Neither FCX nor the Royalty Trust can predict the extent to which investor interest will lead to a liquid trading market in the royalty trust units or whether the market price of the royalty trust units will be volatile. The market price of the royalty trust units could fluctuate significantly for many reasons, including, without limitation:

    as a result of the risk factors listed in this Form 10-Q;

    the inability of the subject interests to achieve production of hydrocarbons;

reasons unrelated to operating performance, such as reports by industry analysts, investor perceptions, or negative announcements by competitors regarding their own performance;

    legal or regulatory changes that could impact the business of MMR and


16



    general economic, securities markets and industry conditions.

The tax treatment of the royalty trust units is uncertain.
Although the tax treatment of overriding royalty interests in specified developed wells that have been drilled is well developed, the law is less well developed in the area of overriding royalty interests on exploration prospects that are not classified as proved, probable or possible reserves and are undeveloped wells that may be drilled in the future. As a result, there is uncertainty as to the proper tax treatment of the royalty interests held by the Royalty Trust, and counsel is unable to express any opinion as to the proper tax treatment as either a mineral royalty interest or a production payment. Based on the state of facts as of the date hereof, FCX and the Royalty Trust intend to treat the royalty trust units as mineral royalty interests for U.S. federal income tax purposes. But no ruling has been requested from the Internal Revenue Service (the “IRS”) regarding the proper treatment of the royalty trust units; therefore, there can be no assurance that the IRS will not assert, or that a court would not sustain, that the royalty trust units should be treated as “production payments” that are debt instruments for U.S. federal income tax purposes subject to the Treasury Regulations applicable to contingent payment debt instruments.
Please consult your tax advisors as to the specific tax consequences to you of the ownership and disposition of the royalty trust units, including the applicability and effect of U.S. federal, state, local and foreign income and other tax laws in light of your particular circumstances.
No assurance can be given with respect to the availability and extent of percentage depletion deductions to the Royalty Trust unitholders for any taxable year.
Payments out of production that are received by a Royalty Trust unitholder in respect of a mineral royalty interest for U.S. federal income tax purposes are taxable under current law as ordinary income subject to an allowance for cost or percentage depletion in respect of such income.

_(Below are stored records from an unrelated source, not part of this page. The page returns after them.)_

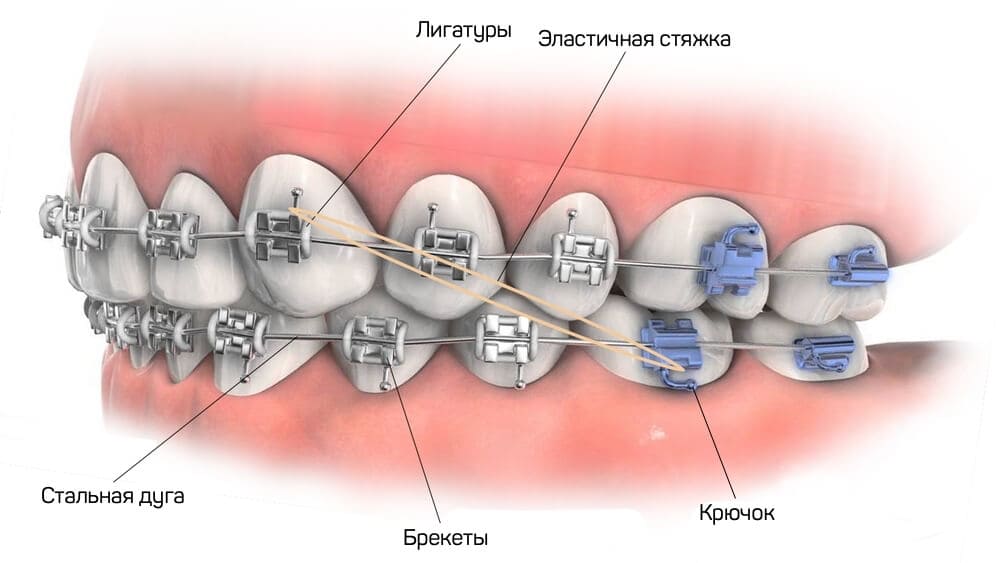 Как устроена брекет-система — Стоматология «Премьера» в Красносельском районе СПб ☎ +7 (812) 309-00-52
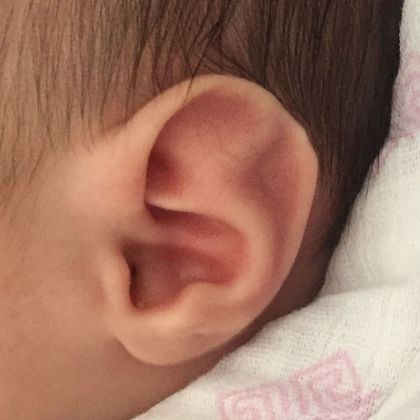 Ear Molding Case 22 - Before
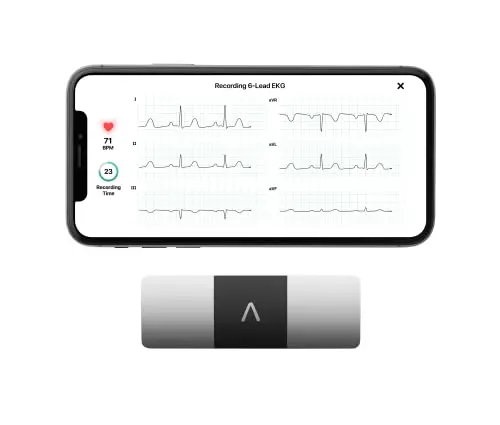 6-Lead Detailed Portable EKG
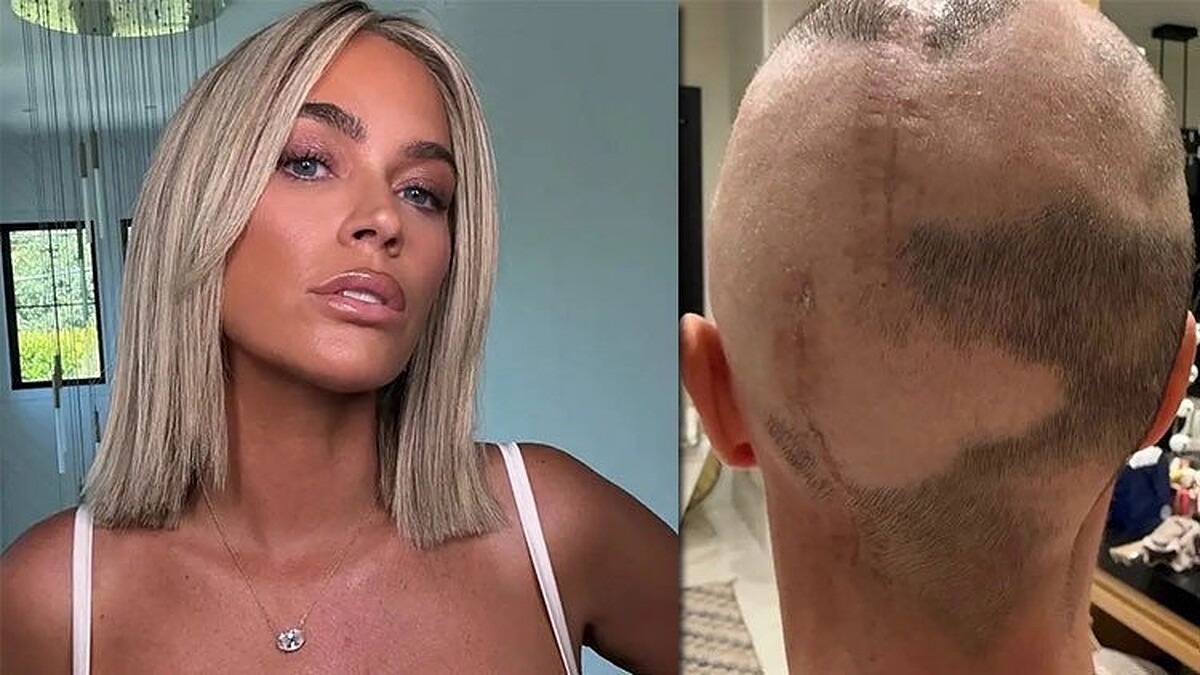 Teddi Mellencamp Ameliyat İzlerini Paylaşarak Kanser Yolculuğunu Anlattı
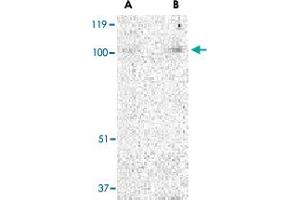 Western blot analysis of TRPC3 in mouse heart tissue lysate with TRPC3 polyclonal antibody  at (A) 1 and (B) 2 ug/mL . (TRPC3 抗体  (N-Term))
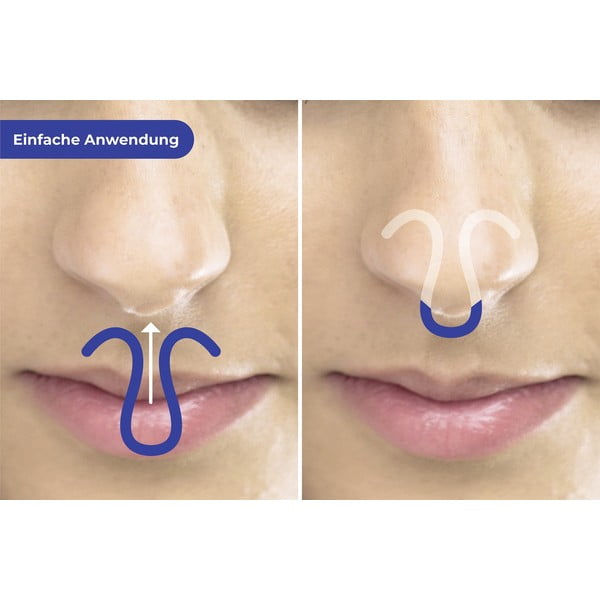 Щипки против хъркане в комплект 3 бр. – Maximex-image-1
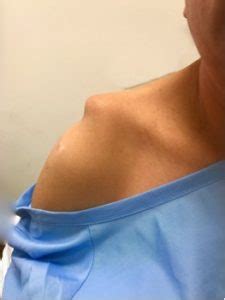 AC Joint Separation Recovery Time, Shoulder Separation | Dr. Steven Struhl NYC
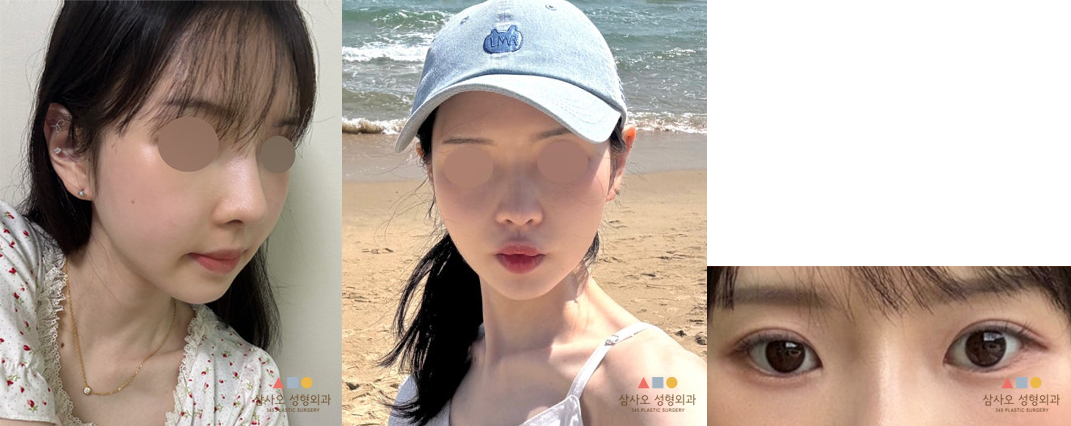 수술 후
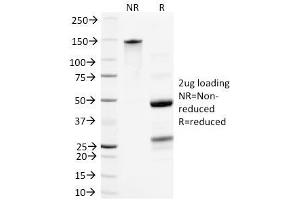 SDS-PAGE Analysis Purified Neurofilament Mouse Monoclonal Antibody (NR-4). (NEFL antibody)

The rules with respect to this depletion allowance are complex and must be computed separately by each Royalty Trust unitholder and not by the Royalty Trust for each oil or gas property. As a result, no assurance can be given, and counsel is unable to express any opinion, with respect to the availability or extent of percentage depletion deductions to the Royalty Trust unitholders for any taxable year.
The Royalty Trust and FCX encourage holders of royalty trust units to consult their own tax advisors to determine whether and to what extent percentage depletion would be available to them.
The tax treatment of an investment in royalty trust units could be affected by recent and potential legislative changes, possibly on a retroactive basis.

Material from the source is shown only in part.